Cordillera

The Cordillera is a region, or belt, of the Andes Mountains in South America. The Cordillera includes both Chile and Argentina. This mountainous area extends the length of the western third of North and South America. The mountain system includes parts of Colombia, Ecuador, Bolivia, Peru, and other countries in the Western Hemisphere.

Cordillera region in Canada
Cordillera region

The Spanish word “cordillera” means “parallel ridges,” This region refers to the mountains and valleys running from north to south in parallel. The region is home to many young mountain ranges, including the Coastal and St. Elias Mountains, and is also known for its scenic inlets called fjords. The region poses many engineering difficulties due to its topography but is nonetheless densely populated in areas with access to the Pacific Ocean.

This Canadian region is part of the mountain system extending the western third of North and South America. The Canadian part of the Cordillera is about 800 km wide and extends from southern British Columbia north to the Yukon and the Beaufort Sea. While most of the Cordillera lies within these regions, it extends into southwestern Alberta and the Northwest Territories. The total area covered by this physiographic region is 1.6 million km2 (16 percent of Canada).

The Cordillera contains plateaus, valleys, plains, and rugged mountains. The most common mountain chains include the Coast and the Rocky Mountains, from high rims along the southwestern and southeastern sides of a belt of varied terrain.

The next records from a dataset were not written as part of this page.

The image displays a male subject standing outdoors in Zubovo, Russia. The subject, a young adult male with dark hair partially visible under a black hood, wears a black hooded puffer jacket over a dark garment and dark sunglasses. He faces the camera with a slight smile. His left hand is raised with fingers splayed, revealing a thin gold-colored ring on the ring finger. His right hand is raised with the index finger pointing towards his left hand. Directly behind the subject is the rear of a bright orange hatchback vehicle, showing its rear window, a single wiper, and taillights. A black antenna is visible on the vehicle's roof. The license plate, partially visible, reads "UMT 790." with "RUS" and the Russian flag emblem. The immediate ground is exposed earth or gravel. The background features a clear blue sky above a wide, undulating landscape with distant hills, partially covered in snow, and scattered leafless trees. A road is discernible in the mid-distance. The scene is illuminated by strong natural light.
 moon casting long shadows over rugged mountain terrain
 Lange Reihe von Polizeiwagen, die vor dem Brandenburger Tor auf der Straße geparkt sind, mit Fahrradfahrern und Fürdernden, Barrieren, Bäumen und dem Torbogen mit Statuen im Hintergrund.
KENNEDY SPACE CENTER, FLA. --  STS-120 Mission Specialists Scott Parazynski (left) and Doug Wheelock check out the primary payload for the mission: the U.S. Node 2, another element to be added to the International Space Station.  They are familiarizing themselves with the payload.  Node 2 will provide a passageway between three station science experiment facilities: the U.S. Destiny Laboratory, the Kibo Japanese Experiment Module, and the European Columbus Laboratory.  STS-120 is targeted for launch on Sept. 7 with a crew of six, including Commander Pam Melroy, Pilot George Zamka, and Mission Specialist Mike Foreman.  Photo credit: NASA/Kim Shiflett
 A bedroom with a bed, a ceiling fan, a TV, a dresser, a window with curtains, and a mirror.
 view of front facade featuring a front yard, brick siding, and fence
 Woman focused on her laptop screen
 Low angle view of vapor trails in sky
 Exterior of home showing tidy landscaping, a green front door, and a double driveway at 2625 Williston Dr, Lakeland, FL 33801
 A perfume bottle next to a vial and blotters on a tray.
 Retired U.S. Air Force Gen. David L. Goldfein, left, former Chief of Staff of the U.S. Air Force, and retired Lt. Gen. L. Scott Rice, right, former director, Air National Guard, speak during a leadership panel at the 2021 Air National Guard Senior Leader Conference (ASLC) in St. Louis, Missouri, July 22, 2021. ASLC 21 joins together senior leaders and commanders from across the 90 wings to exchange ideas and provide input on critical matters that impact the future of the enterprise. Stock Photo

There are three main mountain systems in the Cordillera. The Eastern system includes sedimentary rocks tilted, faulted, and folded. The Interior system has mountains and dissected plateaus underlain by folded sedimentary layers of volcanic rock, metamorphic rocks, and numerous minor igneous intrusions. The Western system consists of a mass of interconnected igneous intrusions and metamorphic rocks. The westernmost mountains, the Haida Gwaii and Vancouver Island ranges, are geologically similar to the Interior system.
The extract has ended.